WHAT YOU SHOULD DO: The output should be every line below, retyped exactly, with no images.

——

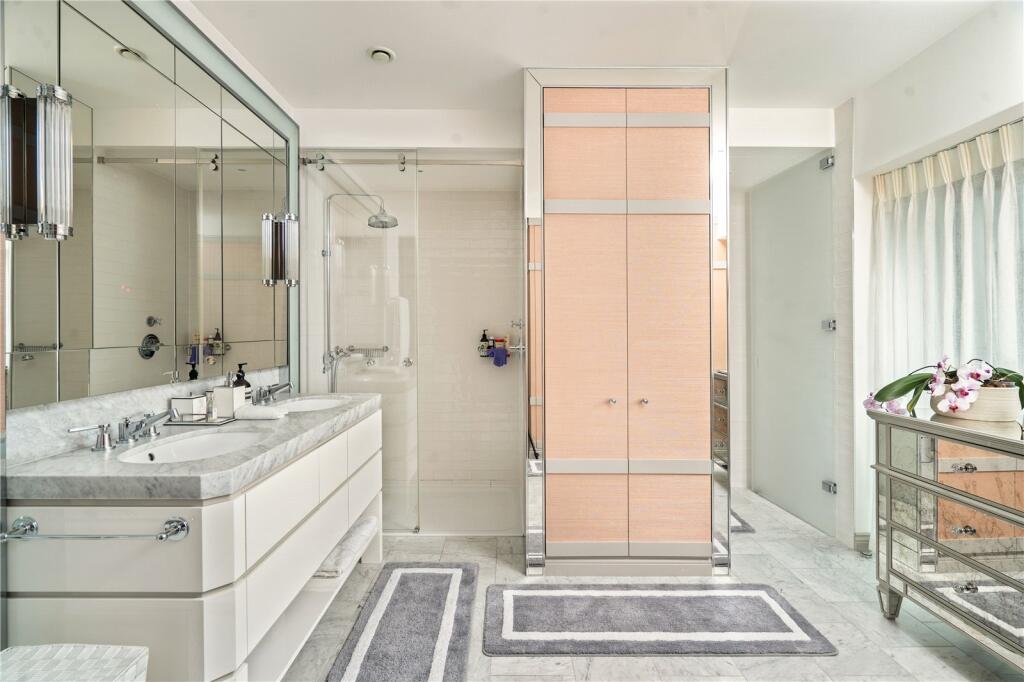 3 bedroom apartment for sale in Capital Building, Embassy Gardens, 8 Union Square, London, SW11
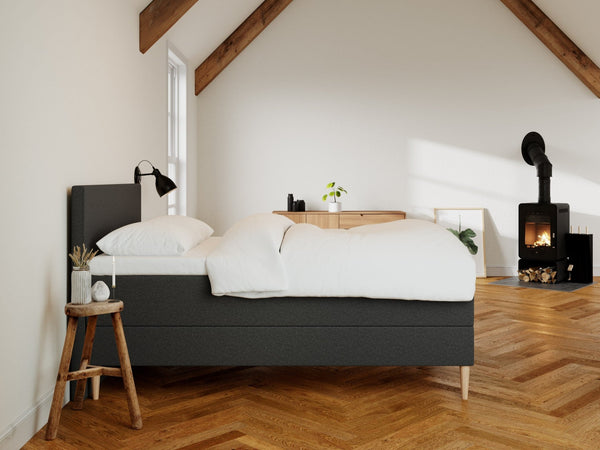 Astrid Nordlys 140x200 Antrasitt Nordic Dream tilbyr senger med skandinavisk design og materialer av høy kvalitet. Opplev perfekt komfort for en god natts søvn. Bestill din i dag!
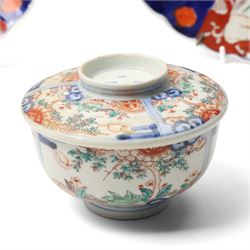 19th century Japanese rice bowl, with four character mark in underglaze blue to cover, H9cm; together with four Japanese chargers, largest D31cm (5)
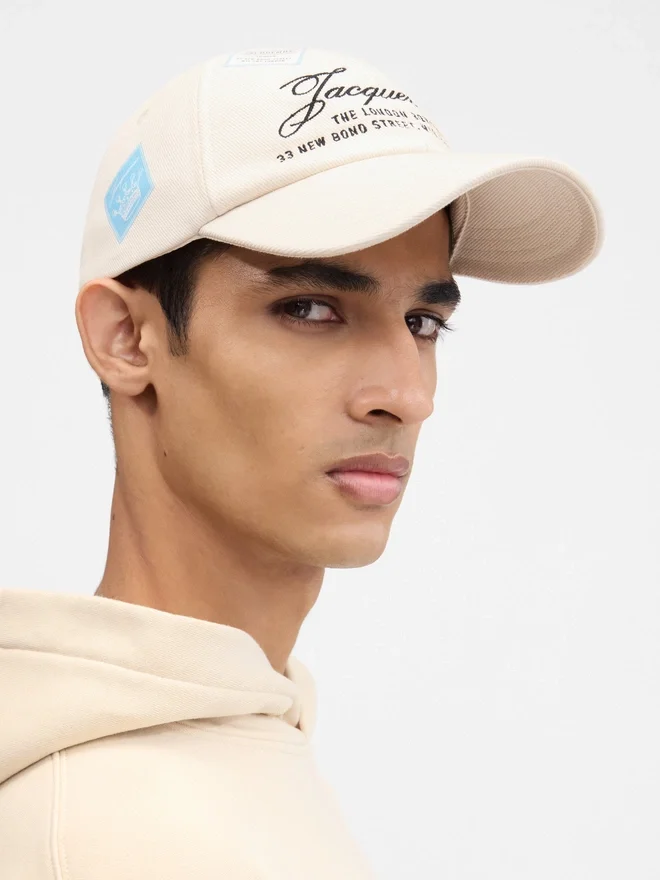 The London baseball cap Logo cap – exclusively sold online and in our London store The London baseball cap Logo cap – exclusively sold online and in our London store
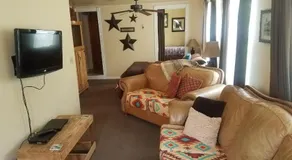 Alpaca Inn, The - Image 2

——

WRITTEN SOLUTION:
 3 bedroom apartment for sale in Capital Building, Embassy Gardens, 8 Union Square, London, SW11
 Astrid Nordlys 140x200 Antrasitt Nordic Dream tilbyr senger med skandinavisk design og materialer av høy kvalitet. Opplev perfekt komfort for en god natts søvn. Bestill din i dag!
 19th century Japanese rice bowl, with four character mark in underglaze blue to cover, H9cm; together with four Japanese chargers, largest D31cm (5)
 The London baseball cap Logo cap – exclusively sold online and in our London store The London baseball cap Logo cap – exclusively sold online and in our London store
 Alpaca Inn, The - Image 2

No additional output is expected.